One of the neat things of Raku is that it automatically uses rational numbers instead of floating point numbers, when appropriate (e.g. when dividing two integers). Unfortunately, once the denominator gets too large, floating point numbers are used anyway.
There is the FatRat
type that doesn't do that, but as far as I can find, the only way to use those is to explicitly do so.

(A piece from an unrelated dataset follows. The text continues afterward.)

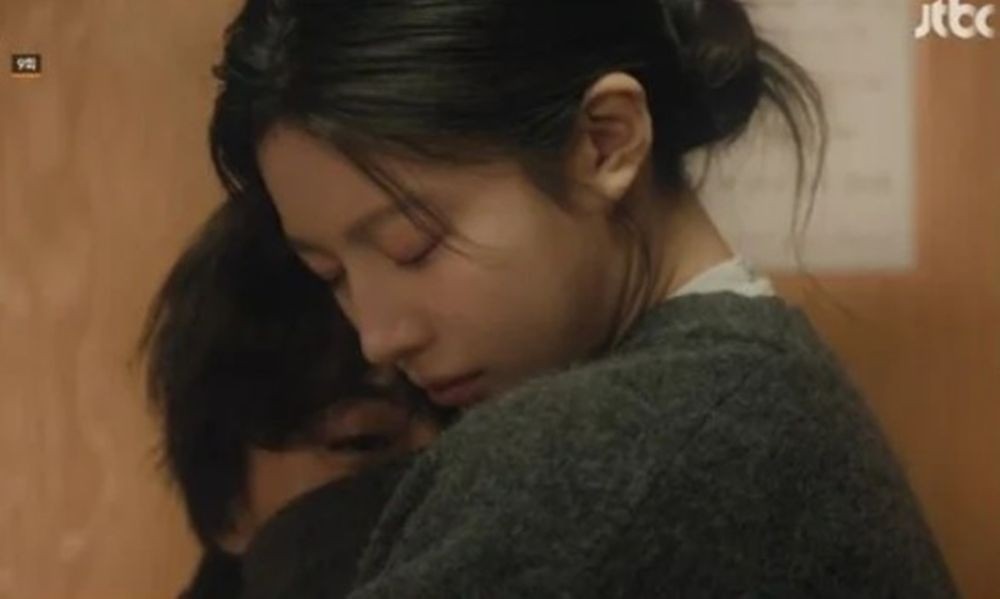 대표 이미지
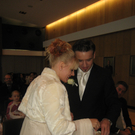IMG_1335.JPG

For instance, this script calculates digits of π:
#!/usr/bin/env raku
unit sub MAIN(Int $decimals = 1_000);
sub atan_repr(Int $n, Int :$decimals)
{
my $x = $n;
my $n2 = $n²;
my $sign = 1;
my $limit = 10**($decimals+2);
my $result = FatRat.new(1, $x);
for 3,5...* -> $i {
$x ×= $n2;
$sign ×= -1;
$result += FatRat.new($sign, $i × $x);
last if $x ≥ $limit;
}
return $result;
}
my $π = 4 × (4 × atan_repr(5, :$decimals) - atan_repr(239, :$decimals));
my $π-str = ~$π; # Make sure we don't do string conversion over and over
print '3. ';
for 0,5...^$decimals -> $d {
print " # $d\n " if $d && $d %% 50;
print $π-str.substr(2+$d,5), ' ';
}
print " # $decimals" if $decimals && $decimals %% 50;
say '';
It's pretty elegant, except for stuff like FatRat.new(1, $x)
. I'd much rather be able to use just 1/$x
and declare somehow that FatRat
s should automatically be used instead of Rat
s. Perhaps something like use bigrat
, similar to Perl's use bigint
and use bignum
?
Is there a way to do this that I haven't found?